IMG_8409Sometimes you have to force seasonal drinking posts, and other times the season and the drinks just fall right into your lap.  Stampede is here in Calgary, the thermometer has just recently clocked over 30C, and we’re well-ensconced into July, which turns my sample pile ponderings to thoughts of whatever I can chill for refreshment most effectively.  After landing on an ideal trio of bottles that achieved that lofty goal, I noticed something odd that bound them together:  they have all at one time or another previously graced the pages of Pop & Pour.  Even though the blog is now 7½ years old and counting, that basically never happens.  Sometimes summer is just meant to be.  Game on.

2016 Ricasoli Albia Bianco Toscano (~$20)

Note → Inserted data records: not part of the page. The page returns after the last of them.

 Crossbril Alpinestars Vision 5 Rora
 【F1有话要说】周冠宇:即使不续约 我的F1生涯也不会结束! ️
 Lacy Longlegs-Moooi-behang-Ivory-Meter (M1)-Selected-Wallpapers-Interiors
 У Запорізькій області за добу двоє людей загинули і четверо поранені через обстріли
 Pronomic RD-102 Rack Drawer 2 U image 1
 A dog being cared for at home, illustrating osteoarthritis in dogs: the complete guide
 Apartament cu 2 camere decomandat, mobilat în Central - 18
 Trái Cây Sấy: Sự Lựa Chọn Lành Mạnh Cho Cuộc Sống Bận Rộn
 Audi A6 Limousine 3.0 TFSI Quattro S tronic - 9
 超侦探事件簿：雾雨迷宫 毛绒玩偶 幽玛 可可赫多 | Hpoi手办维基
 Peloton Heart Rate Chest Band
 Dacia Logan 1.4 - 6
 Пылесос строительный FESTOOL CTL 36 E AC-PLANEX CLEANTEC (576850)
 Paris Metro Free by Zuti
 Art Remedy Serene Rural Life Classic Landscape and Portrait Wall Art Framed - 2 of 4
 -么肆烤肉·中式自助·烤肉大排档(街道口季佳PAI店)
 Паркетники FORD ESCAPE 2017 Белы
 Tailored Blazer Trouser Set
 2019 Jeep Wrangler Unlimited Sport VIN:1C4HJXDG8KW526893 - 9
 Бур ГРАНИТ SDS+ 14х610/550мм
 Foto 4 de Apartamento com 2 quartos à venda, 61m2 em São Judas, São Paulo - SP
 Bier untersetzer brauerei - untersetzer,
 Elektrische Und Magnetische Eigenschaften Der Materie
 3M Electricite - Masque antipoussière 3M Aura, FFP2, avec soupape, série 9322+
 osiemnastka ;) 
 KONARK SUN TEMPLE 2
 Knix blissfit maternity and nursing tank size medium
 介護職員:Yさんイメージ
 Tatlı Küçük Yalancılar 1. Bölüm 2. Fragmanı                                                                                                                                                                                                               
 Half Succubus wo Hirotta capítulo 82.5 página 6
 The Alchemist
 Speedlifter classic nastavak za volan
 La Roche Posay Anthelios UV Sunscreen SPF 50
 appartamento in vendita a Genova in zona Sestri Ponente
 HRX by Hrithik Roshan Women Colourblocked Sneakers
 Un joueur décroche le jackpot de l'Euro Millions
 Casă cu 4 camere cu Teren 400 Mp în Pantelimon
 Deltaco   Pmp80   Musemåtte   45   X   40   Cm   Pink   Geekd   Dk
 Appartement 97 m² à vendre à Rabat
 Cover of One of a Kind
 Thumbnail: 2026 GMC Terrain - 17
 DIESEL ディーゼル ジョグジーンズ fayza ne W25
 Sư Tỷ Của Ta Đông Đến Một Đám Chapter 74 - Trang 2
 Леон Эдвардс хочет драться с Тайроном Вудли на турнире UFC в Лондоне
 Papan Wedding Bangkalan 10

I believe this is the second ever time that an identical bottle will get two separate reviews on PnP:  when Ray had the pleasure of meeting Tuscan winemaker Francesco Ricasoli at a tasting luncheon back in February, this 2016 Albia Bianco was the first bottle they cracked.  If you want a detailed backstory on Francesco, the Ricasoli estate and the family’s critical contributions to Chianti Classico as we now know it, click the link above for the whole enthralling narrative.  While I don’t have a five-course meal to pair with tonight’s wines, I do have both this Albia Bianco and its sibling the Albia Rose on the menu, both scions of Barone Ricasoli’s “fresh and fragrant” early-drinking Albia label.  Both come in gorgeous, hefty, gourd-like bottles that you first admire for making this $20 wine look like it costs double that amount, but then curse effusively once you realize the heavy-punted broad base is about a millimetre away from not fitting at all in any standard wine racking.  Suffice to say the labels suffered some mild to medium collateral damage as I reamed the bottles into place with every ounce of strength I had.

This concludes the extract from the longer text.